Desde entonces vi a los voceadores como dueños de un arcano nunca revelado. Me parecían seres misteriosos, poderosos. No los hombres de las esquinas ni aquellos cuyos pasos toreros desafiaban autos y camiones en los cruceros de la tarde con las Últimas Noticias o El Gráfico o La Extra en las manos.
Me parecían una mezcla rara de dueños de la mañana y señores de la última verdad. Sus territorios delimitados por montañas de papel en las calles Iturbide, Artículo 123, Humboldt, Donato Guerra y obviamente el señorío de Bucareli, eran espacios donde la soberbia de los periodistas se estrellaba.

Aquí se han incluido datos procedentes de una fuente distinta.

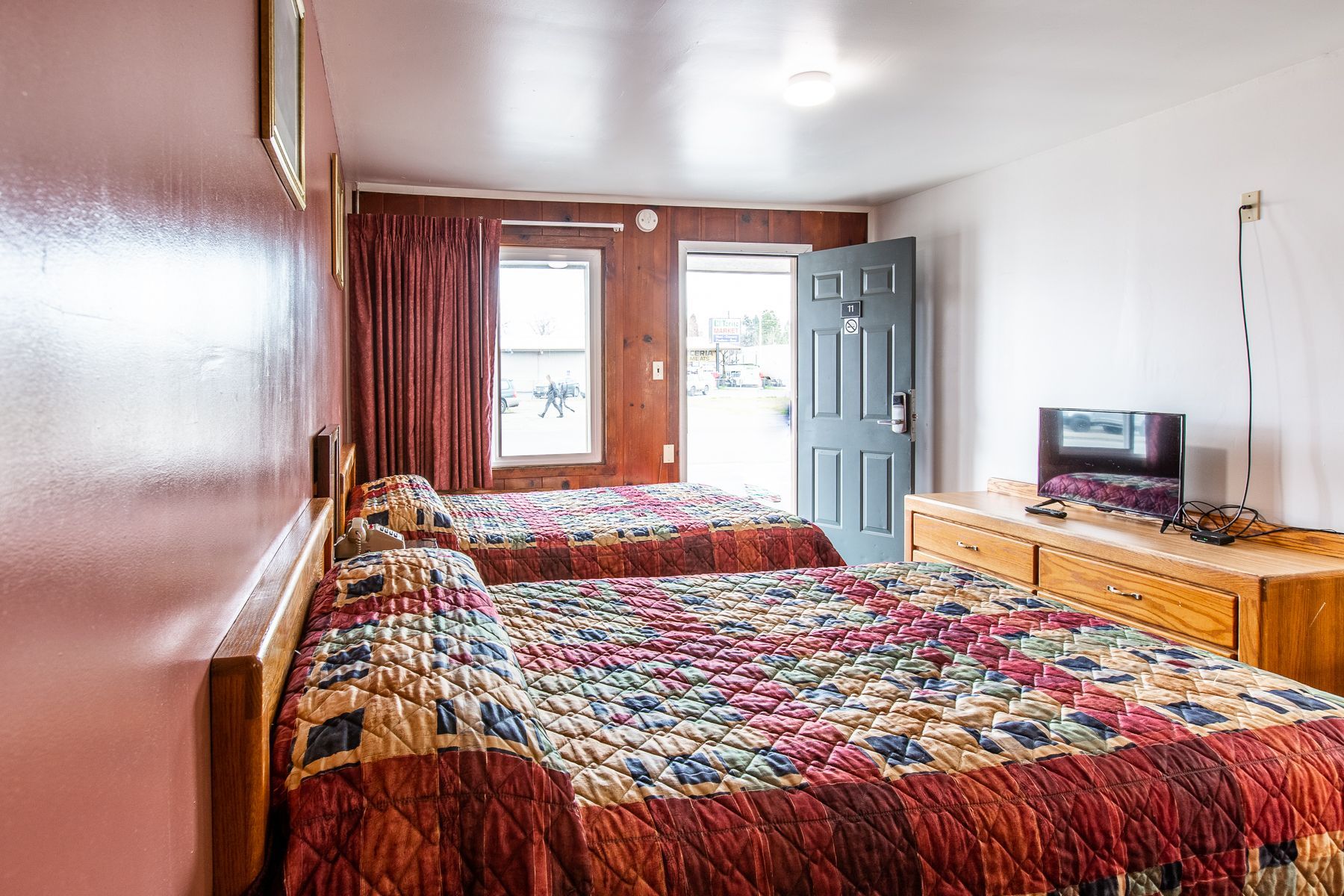 A hotel room with two beds and a television.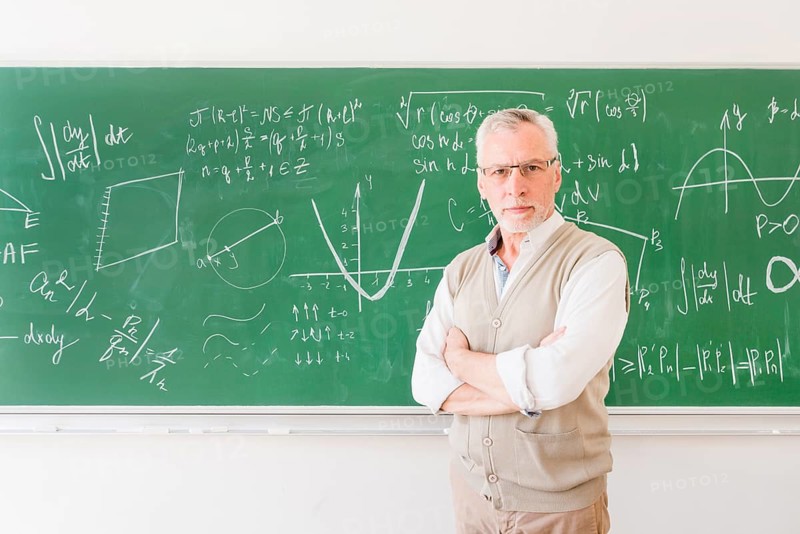 Elder professor standing near chalkboard classroom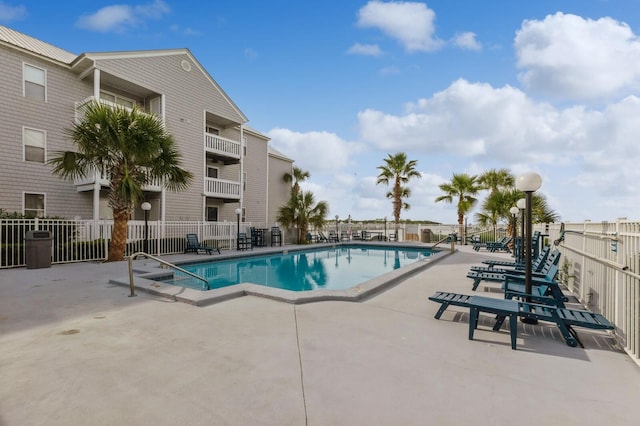 view of swimming pool featuring a patio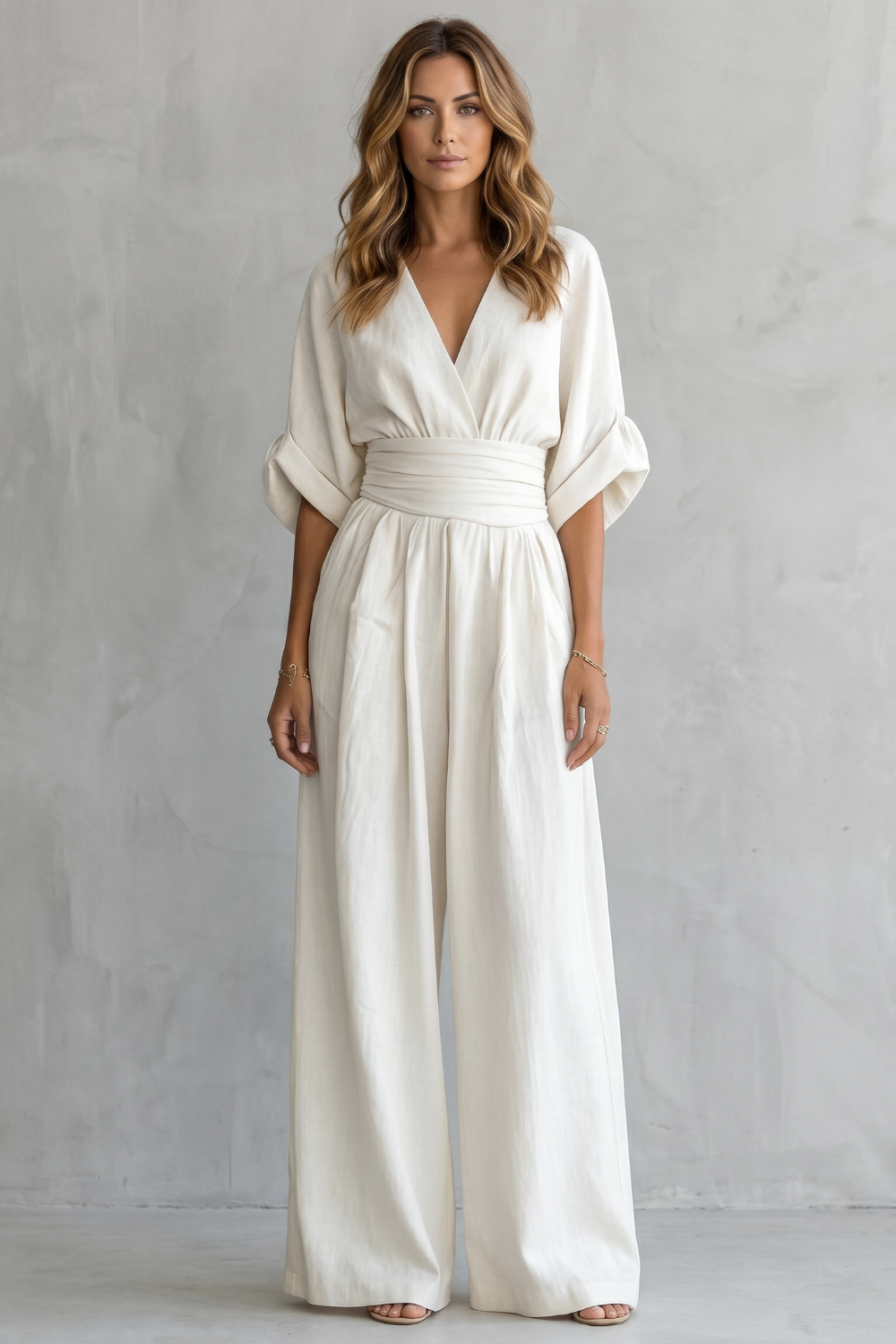 Side view of the batwing sleeve jumpsuit showing its fluid drape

En esas calles vivían, trabajaban y armaban bulla los voceadores, los habitantes del expendio, del despacho. Ellos y sólo ellos sabían la verdad detrás de cada encabezado.
Ya están pidiendo más…”.
Cuando esas palabras se escuchan al pie de la rotativa bufadora con la edición extraordinaria de algo de relevancia verdadera, no una declaración política más, sino una noticia verdadera, un hecho irrepetible, una puñalada en el corazón de los mexicanos como los terremotos del 85 o la muerte de Pedro Infante, por ejemplo (por años cifra mayor de venta en la historia nacional con sus 385 mil ejemplares) o los asesinatos como los de Álvaro Obregón o Luis Donaldo Colosio, los periodistas imprimían más. El termómetro son ellos. Saben cuando el público quiere más y más y más…
Con ellos he aprendido muchas cosas. He pasado noches en sus dominios; he perdido en el dominó y he bebido (palabras de Efraín Huerta) el cuchillo cristal de los vinos baratos; comido tacos de arroz en la colonia de los Doctores, ahí a la vuelta de donde fue El Heraldo de México y he compartido mesa y madrugadas en el Buca-Bar y otros lupanares de extraviada memoria.
También conocí la oficina principesca de uno de sus dirigentes históricos, Don Enrique (no se escribe sin el Don) Gómez Corchado, quien había tapizado la sala con fotografías suyas y de todos los presidentes y hombres poderosos de México y era duro, duro para negociar.
“Vamos a hacer una revista”, me dijo mi amigo Abraham Zabludovsky. “Necesitamos avisarles a Los Pinos y a Gómez Corchado. Si no nos ayuda, estamos hundidos”.
Y ahí fuimos a verlo a su búnker, donde la mesa de juntas servía también para el verde paño del geométrico billar.
Yo les ayudo, muchachos, nomás no hagan pendejadas”.
Quién sabe si las hicimos o no, pero su ayuda siempre estuvo ahí, cosa de la cual ahora no me sorprendo. Cuando uno entiende y respeta a ese gremio, cuando los ha tratado y conocido y ha visto la labor de su fundación y el auxilio solidario entre muchos de ellos y también cuando ha visto sus pleitos internos y su forma macha y recia de hacer política, uno tiene siempre una certeza: son personas de fiar.
Son gente de palabra. Y no necesariamente de palabra escrita. Son voces de papel.